### Recorded information
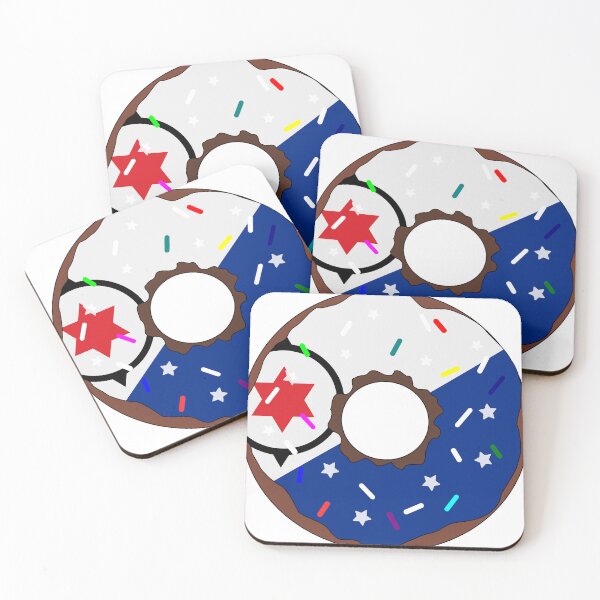 Item preview, Bonaire Flag Donut – Colorful Sprinkles Country Pride designed and sold by TheIconSmith.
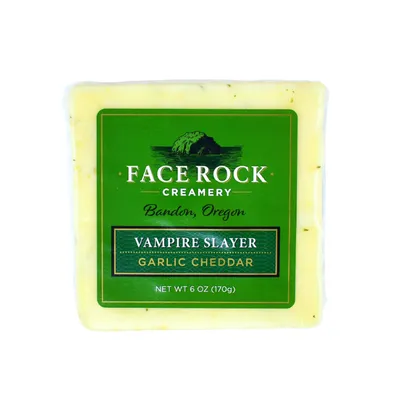 Face Rock Creamery Vampire Slayer Garlic Cheddar 6 oz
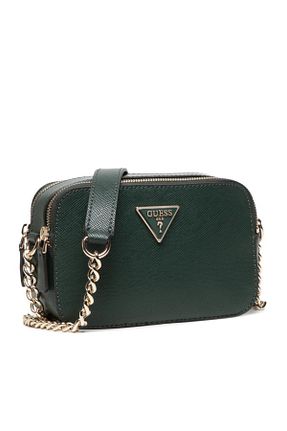 کیف دوشی مشکی زنانه پلی اورتان Guess - کد 228103041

### Problem statement
Restate the entire listing word for word, excluding pictures.

### Solved problem
 Item preview, Bonaire Flag Donut – Colorful Sprinkles Country Pride designed and sold by TheIconSmith.
 Face Rock Creamery Vampire Slayer Garlic Cheddar 6 oz
 کیف دوشی مشکی زنانه پلی اورتان Guess - کد 228103041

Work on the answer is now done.